Institutional investors, facing both lower returns over the next decade and growing liabilities, are taking control of the one factor they can: costs.
A recent survey of 89 participants from 86 large money managers found that asset managers are increasingly discounting fees in the face of pressure from big institutional investors. According to the survey, conducted by Institutional Investor Membership groups, 21 percent of respondents reported that discounting had pushed fees down by up to 20 percent. Another 23 percent said fees declined 20 to 40 percent.
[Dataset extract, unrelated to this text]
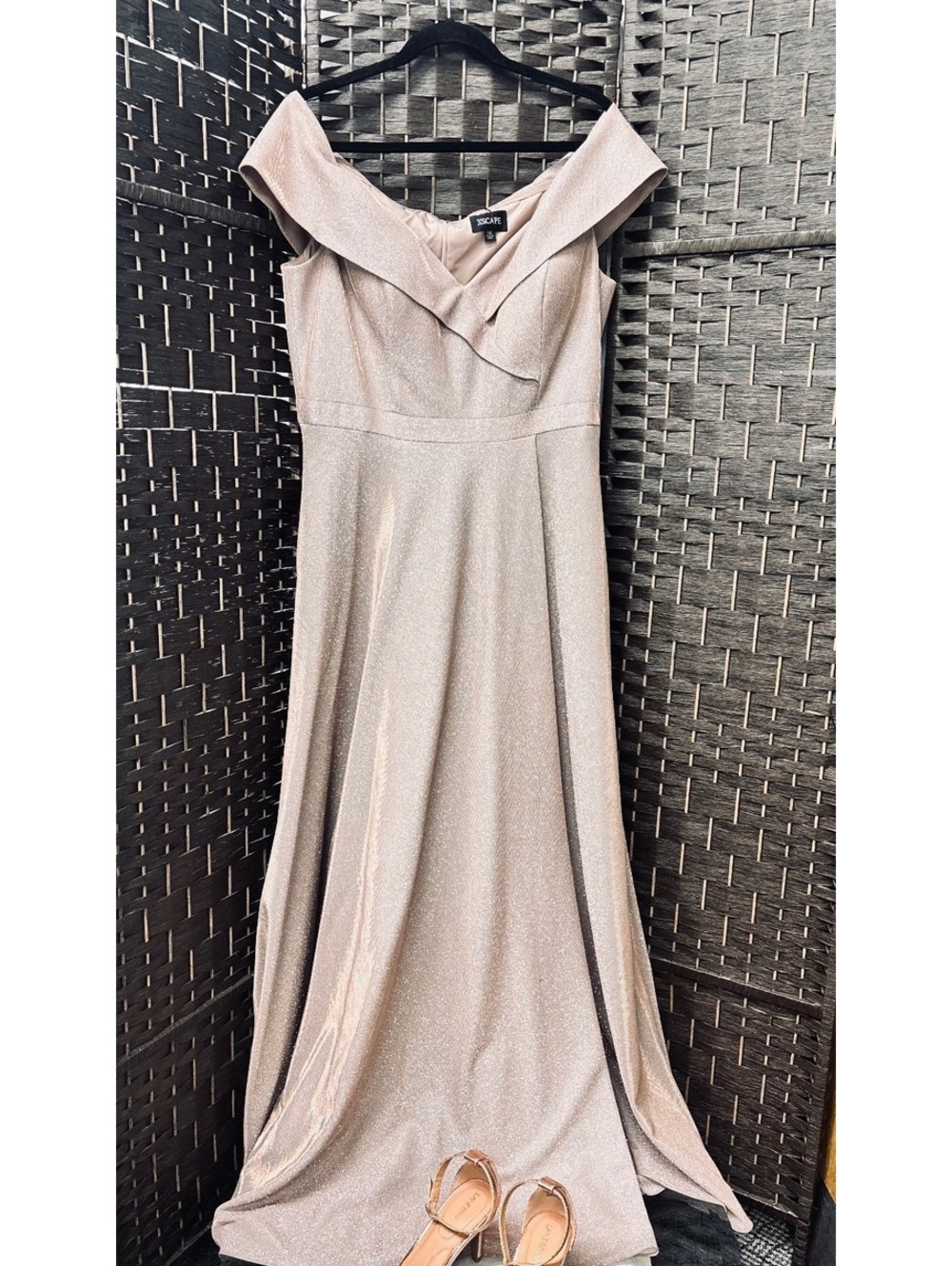 Elegant Off-Shoulder Long Evening Gown - Size 14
The asset management industry is among the most profitable in the world, but fee pressure combined with lower market returns from investments could significantly drive down margins. Asset managers are also being hit by the growing use of cheaper and commoditized passive strategies that simply aim to match the performance of an index. In a paper in the Financial Analysts Journal last year entitled "Murder on the Orient Express: the Mystery of Underperformance," Charles Ellis writes, over the past several decades, fees for institutional investors have risen from less than 1/10 of 1 percent to nearly 1/2 of 1 percent of assets for equity investments (less for fixed income and more for such 'alternatives' as private equity and hedge funds)."
Institutional investors are throwing their weight around, but it helps to have more weight. Sixty-four percent of managers in the U.S. and Europe said the size of the mandate was the most important factor in determining whether they would lower fees. In recent years large institutional investors, including the $117 billion Teacher Retirement System of Texas, have entered into so-called strategic partnerships with traditional and alternative asset managers. These relationships redefine the contract with asset managers, giving them broad latitude over investment decisions but also giving investors a big break on fees.
In a survey finding that might put the most pressure on asset management fees, investors are increasingly demanding "most-favored-nation" clauses in their contracts. Under these arrangements, managers agree the fees charged to a client are not higher than those that other clients with similar mandates are paying. Three quarters of respondents said they offered these deals when investors requested them.
Of course, not all managers are yielding to their clients; 53 percent of managers say performance fees, increasingly popular with institutions, have remained steady in the last year. A study last year from State Street Corp.s Center for Applied Research found that institutional investors are allocating more to alternatives, such as high-cost hedge funds, private equity and other illiquid investments.
Patrick Keenan, who recently started Oak Advisory, a consultancy to advise Taft-Hartley accounts, says managers should be able to easily lower fees, given that much of their research and other services are spread among many clients. They do research once. Does everybody have to pay for that? He adds, the downward pressure will continue as more people become sensitive to fees and their responsibility to manage those dollars as well as they can.